Figuur 2.3. Bezoekersdichtheid ‘point density’

op basis van GPS (Meijles, et al., 2014)

(19)

Belangrijkste punten GPS tracking en enquetering

Kort samengevat worden in voorgaande onderzoeken fysieke kaarten en GPS tracking ingezet om bezoekersdata te verkrijgen over het recreatiegedrag van bezoekers om de betekenis van unieke landschappen te achterhalen. Naar verwachting zal een combinatie van deze twee methoden leiden tot een vergrote respondentwerving voor dit onderzoek. Managers van landgoederen kunnen hun managementbeslissingen afstemmen op de intensiteit van de beleving en het gebruik volgens bezoekers.

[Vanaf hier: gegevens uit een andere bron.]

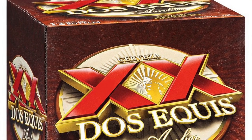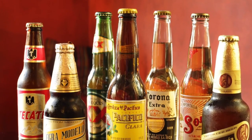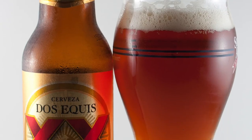Dos Equis Amber is a Vienna-style lager that first hit the United States in 1973. Is the world's most interesting man onto something with this beer, or are there far more interesting Mexican beers on the market? Find out now on Two Dudes Reviews.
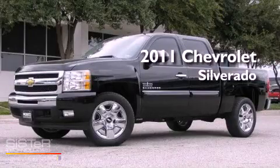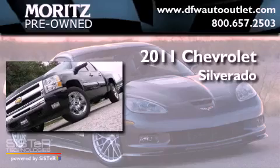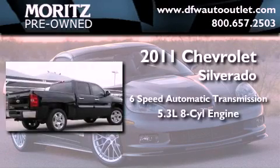This is a brand new 2011 Chevrolet Silverado. This truck has a 6-speed automatic transmission and a 5.3-liter V8.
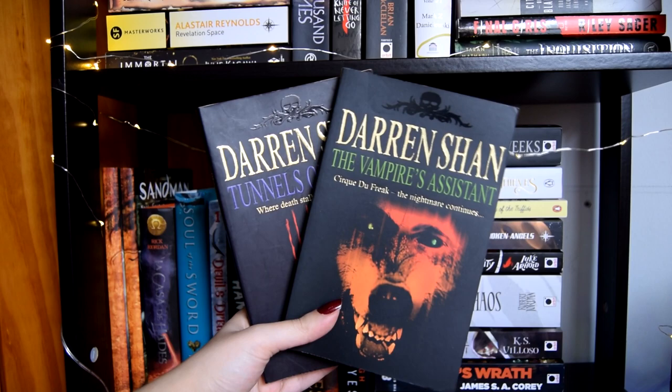And finally, books two and three in the Darren Shan Saga: Tunnels of Blood and The Vampire's Assistant. So yeah, those were basically all the books on my TBR shelf. Let me know if there are any books I need to prioritize, because now I really have time to read. That's going to be all for today — I really hope you enjoyed it and I'll see you in the next one. Bye!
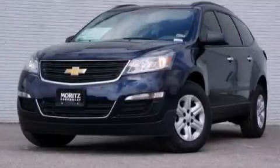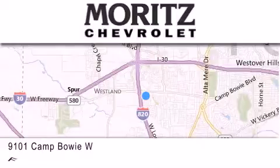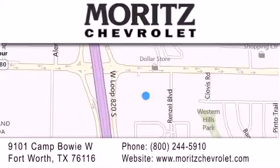Contact us today and schedule your opportunity to see this vehicle in person. Thank you for considering Moritz Chevrolet for your next luxury vehicle. If you have any questions, please visit our website, give us a call, or stop by our dealership located at 9101 Camp Bowie West in Fort Worth.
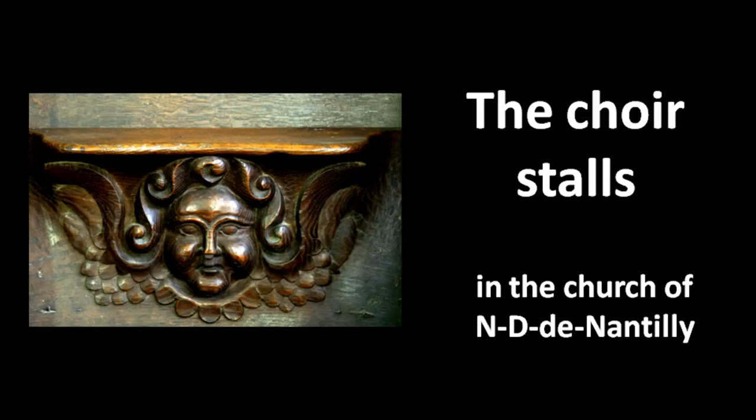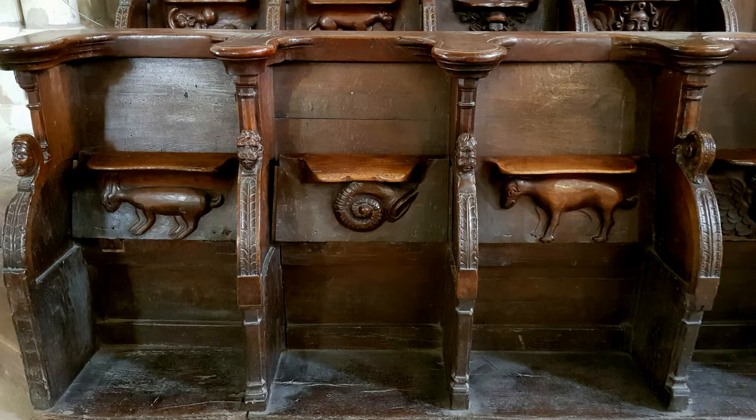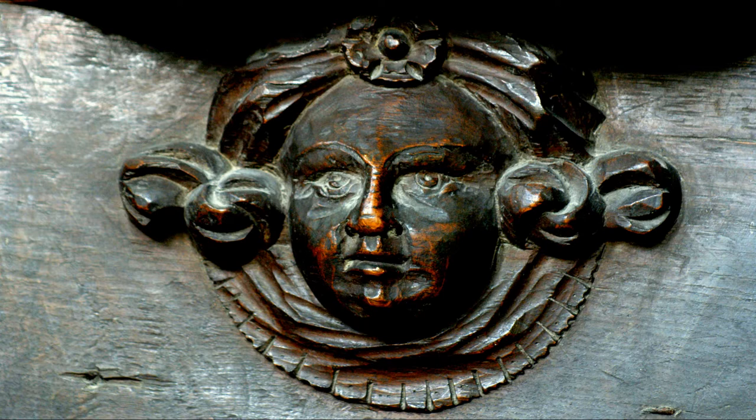The Choir Stalls. The 30 Choir Stalls are distinguished by the outstanding carvings on the misericords, or mercy seats — supports placed under the folding seat, allowing the canons to be seated while giving the appearance of standing during the ceremonies. They date back to the 17th century.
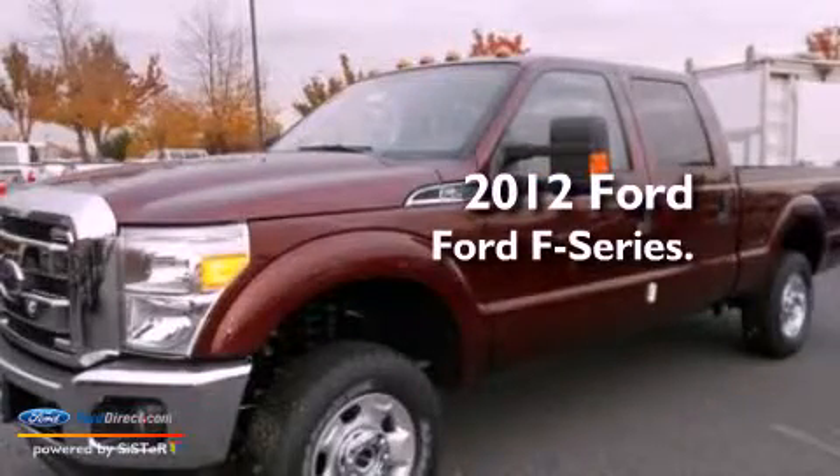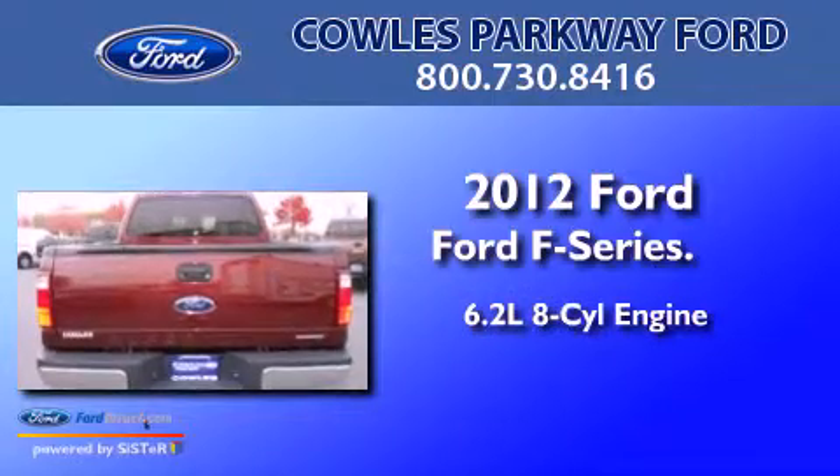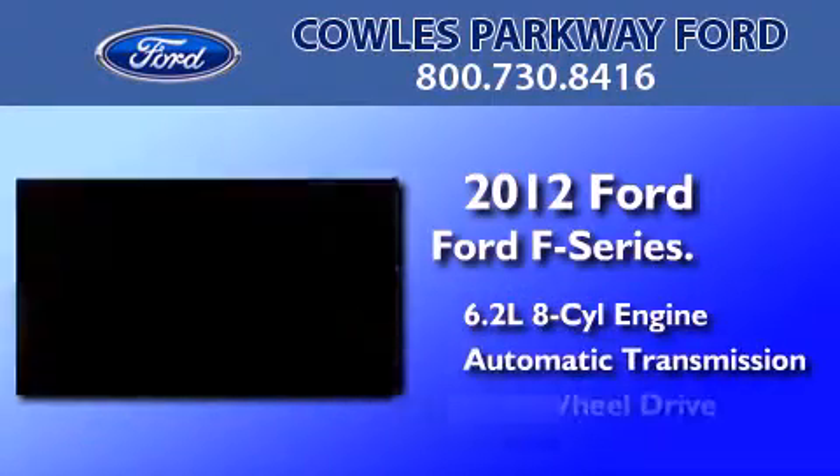This is a brand new 2012 Ford F-Series. It has a 6.2 liter 8-cylinder engine, an automatic transmission, and 4-wheel drive.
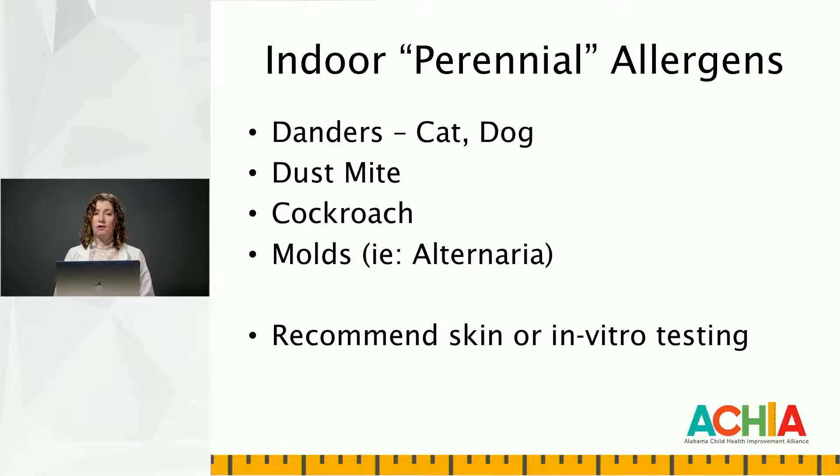In various studies, cockroach has been identified as the number one risk factor for the development of inner-city asthma. Molds tend to be present year-round, but flare during the fall time. Alternaria is a classic example with asthma — it's the most common outdoor mold and has been linked strongly to flares of asthma in various studies.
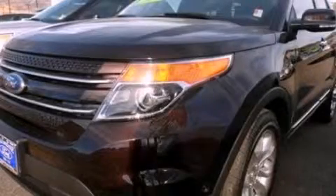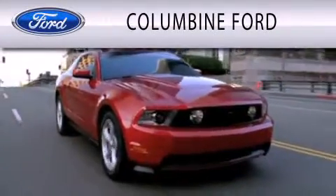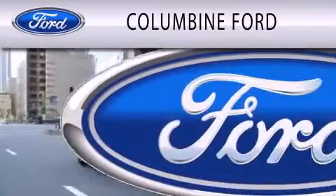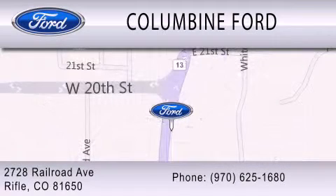Call or visit us right now and arrange your test drive today. Columbine Ford is dedicated to doing everything possible to ensure that the experience you have selecting your vehicle is as pleasant as possible. We are located at 2728 Railroad Avenue in Rifle.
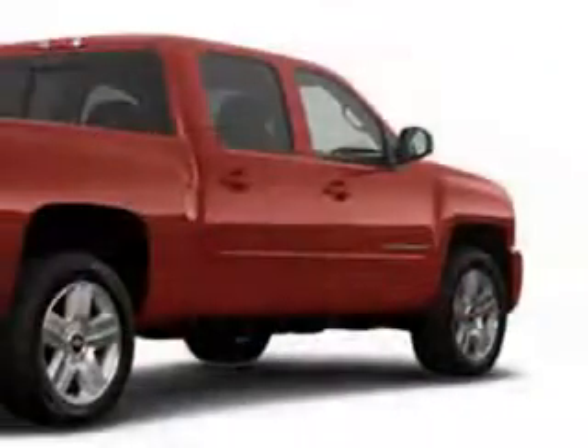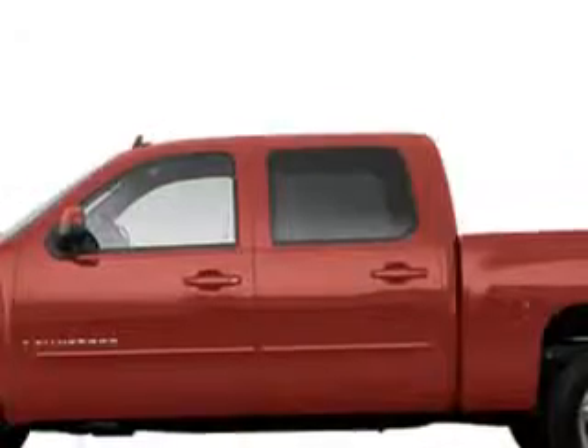Imagine driving this red '08 Chevrolet Silverado 1500 with an 8-cylinder engine and an automatic transmission. Enjoy this utility truck with features like roll stability control, airbag deactivation, vehicle stability assist, multifunction display, and much more.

De data kan worden geworven door voorbijgangers op straat staande te houden en ze te vragen naar persoonlijke- en routespecifieke kenmerken; te denken aan favoriete route, woonlocatie, bezoekersfrequentie, bezoekreden en transportmiddel. Naast de fysieke kaart en GPS tracking methodes is het digitaal benaderen van mensen in combinatie met GPS tracking een optie waar de onderzoeker voor dit onderzoek ook gebruik van zal maken.

Conceptueel model

Door middel van de literatuur uit de voorgaande theorieën is een conceptueel model opgesteld die als basis dient voor dit onderzoek. In dit model staan de factoren weergegeven die van invloed zijn voor landgoederen. Het uitgangspunt van dit onderzoek vormt het landgoederenlandschap Beetsterzwaag- Olterterp. Toerisme kan er toe leiden dat meer mensen genieten van de baten van het landgoederenlandschap (natuur en faciliteiten). Een overschrijding van de toeristische capaciteit kan er echter toe leiden dat de kostenposten (milieu, fysiek en sociaal) hoger zijn dan de baten die hier tegenover staan en het gebied het risico loopt in verval te raken.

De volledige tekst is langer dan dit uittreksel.